> **Task statement**
Could you repeat, exactly and with no pictures, only the lines from the start of the records through the line containing "Barred Owl - ML614651769"?

[Brief descriptive captions]
%%

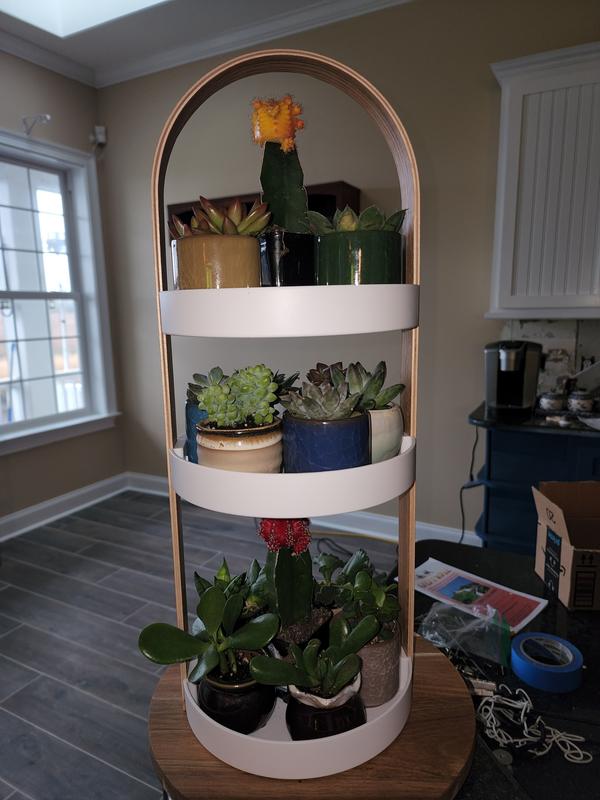 My succulents love it. ❤️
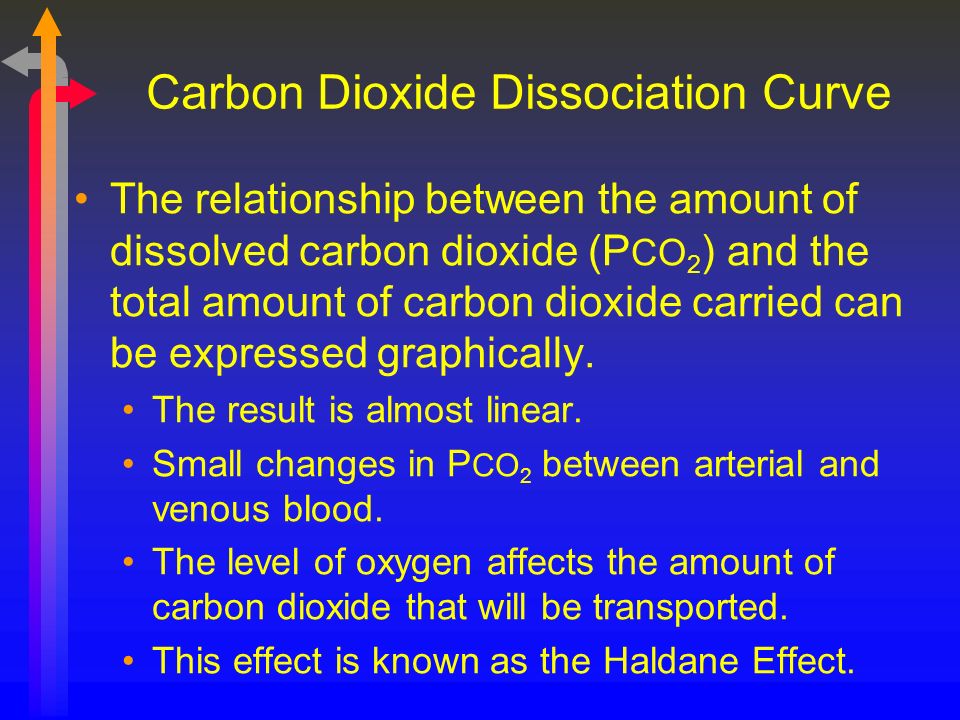 Carbon Dioxide Dissociation Curve The relationship between the amount of dissolved carbon dioxide (P CO 2 ) and the total amount of carbon dioxide carried can be expressed graphically.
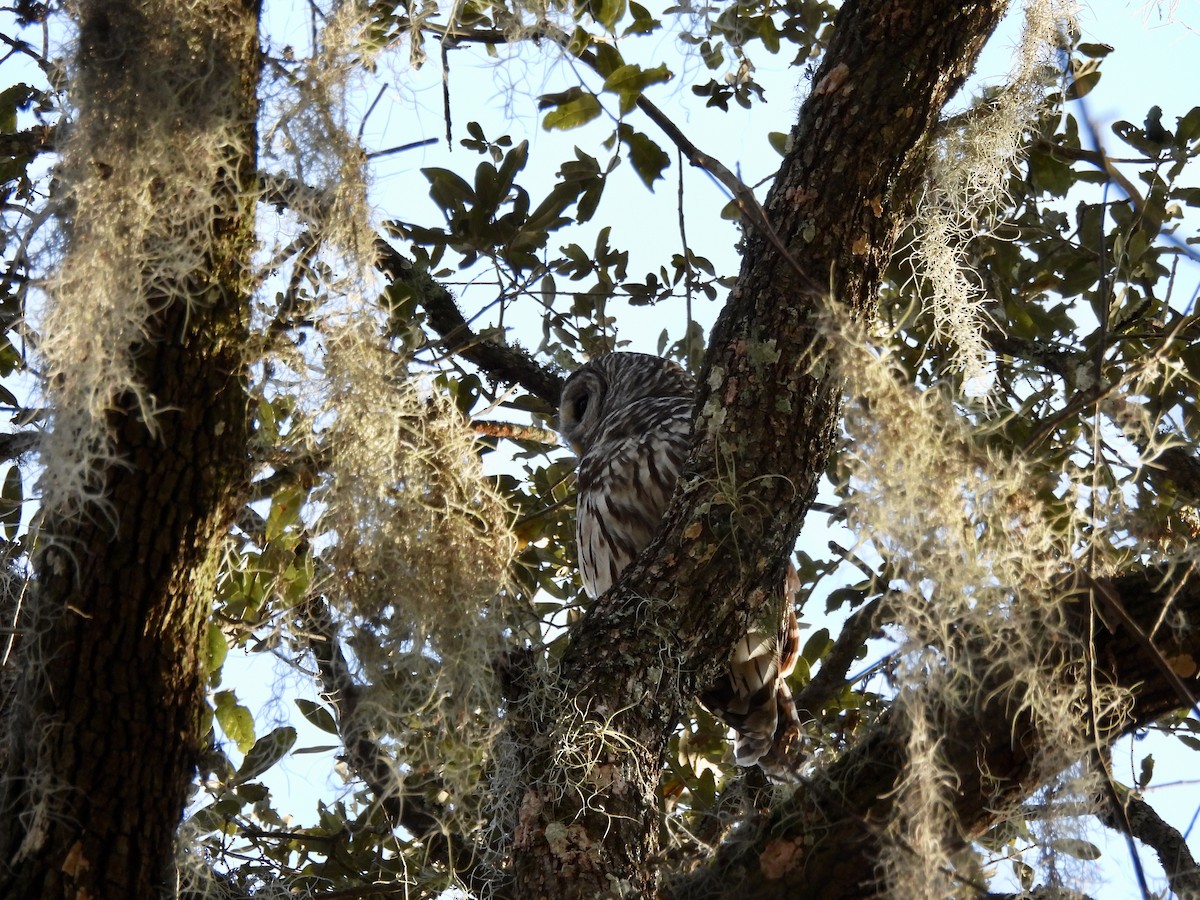 Barred Owl - ML614651769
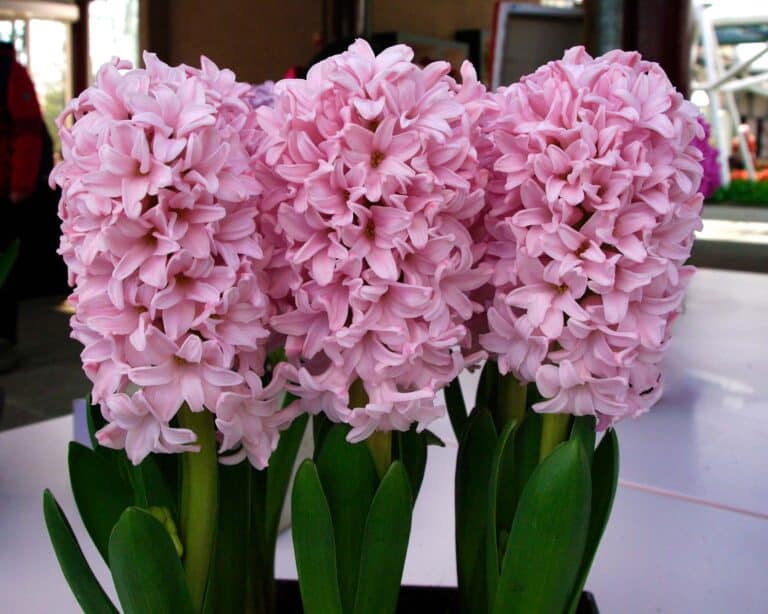 Hyacinthus orientalis Hybrid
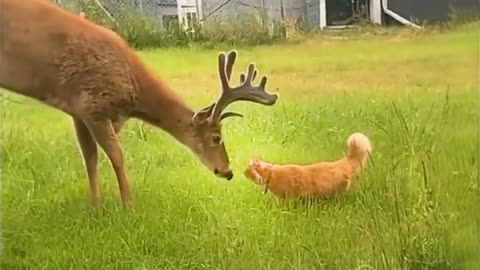 WORLD BEST FUNNIEST🤣 Dog vs men 🤣 funny video> Don't Try Laughing 🤣 clips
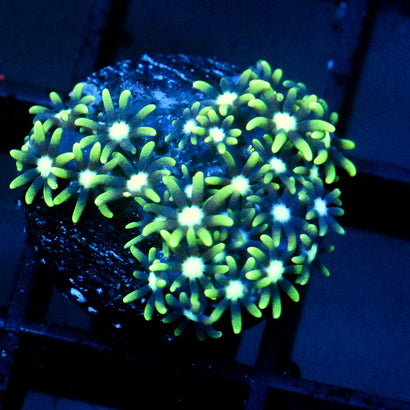 JC Star Polyp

%%

> **Expected answer**
 My succulents love it. ❤️
 Carbon Dioxide Dissociation Curve The relationship between the amount of dissolved carbon dioxide (P CO 2 ) and the total amount of carbon dioxide carried can be expressed graphically.
 Barred Owl - ML614651769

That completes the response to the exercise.